Pod Logs: Understanding Multi-Container Interactions
Location: /var/log/pods/*.log
Pod logs provide a broader view than individual container logs, especially valuable when dealing with multi-container pods. These logs help you understand how containers within a pod interact with each other and can reveal issues that aren’t apparent when looking at containers in isolation.
What you’ll find here:
- Inter-container communication issues
- Shared volume problems
- Network connectivity issues between containers
- Resource contention between containers in the same pod
- Init container problems affecting main containers
When to check pod logs:
- Sidecar containers aren’t working correctly
- Service mesh issues (like Istio proxy problems)
- Init containers are failing
- Containers can’t communicate within the pod
- Shared volume mounting issues
Kubelet: The Node Agent’s Perspective
Location: /var/log/kubelet.log
The kubelet is the primary node agent responsible for managing pods and containers on each node. Its logs provide crucial insights into pod lifecycle management, resource allocation, and communication with the control plane.
What you’ll find here:
- Pod scheduling and startup issues
- Resource allocation problems (CPU, memory, storage)
- Image pulling failures
- Volume mounting problems
- Node health and capacity issues
- Communication problems with the API server
Critical scenarios for kubelet logs:
- Pods are stuck in “Pending” state
- Containers fail to start
- Image pull errors
- Resource constraints causing pod evictions
- Node becoming unresponsive or marked as “NotReady”
Example issues you might see:
Failed to pull image "nginx:latest": rpc error: code = Unknown desc = Error response from daemon: pull access denied
Control Plane Components: The Brain of Your Cluster
The control plane consists of several critical components, each with its own logging that provides insights into cluster-wide operations.

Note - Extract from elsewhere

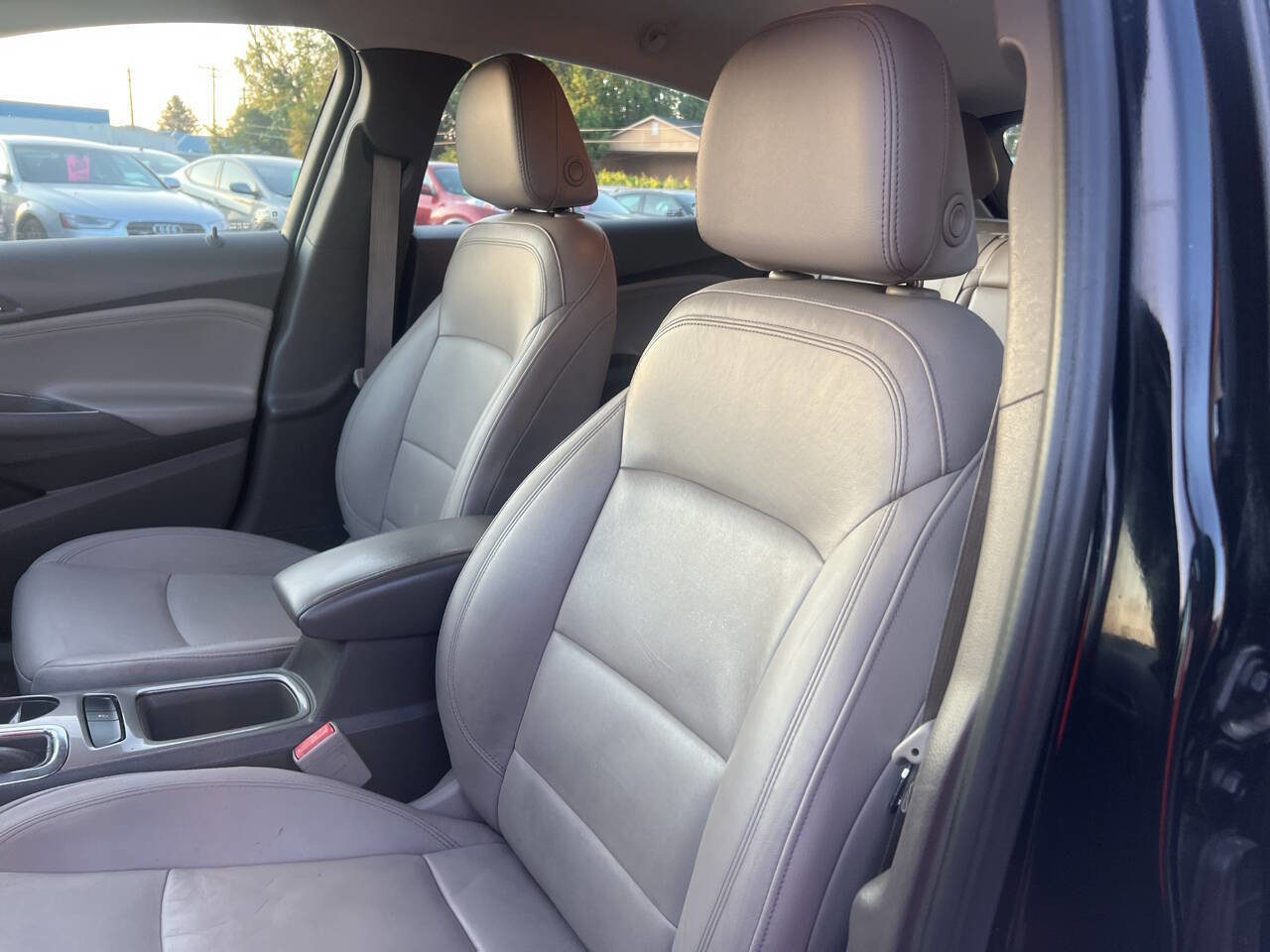 Used 2017 Chevrolet Cruze Premier w/ RS Package image 10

API Server Logs: The Central Nervous System
Location: /var/log/kube-apiserver.log
The API server is the central hub of your Kubernetes cluster. Every request to create, modify, or delete resources goes through the API server, making its logs invaluable for understanding cluster-wide operations and access patterns.
What you’ll find here:
- Authentication and authorization failures
- API request patterns and performance
- Resource validation errors
- Webhook failures
- Client connection issues
- Rate limiting events
Key debugging scenarios:
- Users can’t access cluster resources
- kubectl commands are failing
- Custom resource definitions aren’t working
- Admission controllers are rejecting requests
- Performance issues with API operations
Controller Manager Logs: Resource Lifecycle Management
Location: /var/log/kube-controller-manager.log
The controller manager runs various controllers that manage the lifecycle of Kubernetes resources. These logs are essential for understanding why resources aren’t reaching their desired state.
What you’ll find here:
- ReplicaSet scaling issues
- Deployment rollout problems
- Service endpoint updates
- Node controller issues
- Namespace deletion problems
- Resource quota enforcement
Common troubleshooting scenarios:
- Deployments are stuck and not progressing
- ReplicaSets aren’t creating the right number of pods
- Services aren’t updating their endpoints
- Nodes aren’t being properly managed
- Resource cleanup issues
Scheduler Logs: Pod Placement Decisions
Location: /var/log/kube-scheduler.log
The scheduler is responsible for placing pods on appropriate nodes based on resource requirements, constraints, and policies. Scheduler logs help you understand why pods aren’t being scheduled or are placed on unexpected nodes.
What you’ll find here:
- Pod scheduling decisions and rationale
- Resource constraint violations
- Node affinity and anti-affinity rule evaluations
- Taints and tolerations processing
- Priority and preemption events
When to check scheduler logs:
- Pods remain in “Pending” state
- Pods are scheduled on inappropriate nodes
- Resource requests aren’t being honored
- Affinity rules aren’t working as expected
- Priority classes aren’t being respected
etcd Logs: The Cluster’s Memory
Location: Varies based on etcd deployment method
etcd is Kubernetes’ distributed key-value store that maintains all cluster state. Its logs are crucial for understanding data consistency issues and cluster stability problems.
What you’ll find here:
- Data consistency problems
- Leader election issues
- Network partition recovery
- Backup and restore operations
- Performance and latency issues
Critical scenarios:
- Cluster state inconsistencies
- etcd cluster member failures
- Split-brain scenarios
- Data corruption issues
- Performance degradation
Node-Level Insights
System Logs (Syslog): The Operating System Perspective
Location: Local to each Linux distribution (typically /var/log/syslog
or /var/log/messages
)
System logs provide the operating system’s view of what’s happening on each node, including hardware issues, kernel problems, and system-level resource constraints.
What you’ll find here:
- Hardware failures and warnings
- Kernel panics and crashes
- Memory pressure and OOM kills
- Disk space and I/O issues
- Network interface problems
- Security events and violations
When to investigate system logs:
- Nodes become unresponsive
- Mysterious pod crashes
- Performance degradation
- Hardware alerts
- Security incidents
Application-Level Logging
Application Logs: Your Code’s Voice
Location: /var/log/app.log
(or wherever your application writes logs)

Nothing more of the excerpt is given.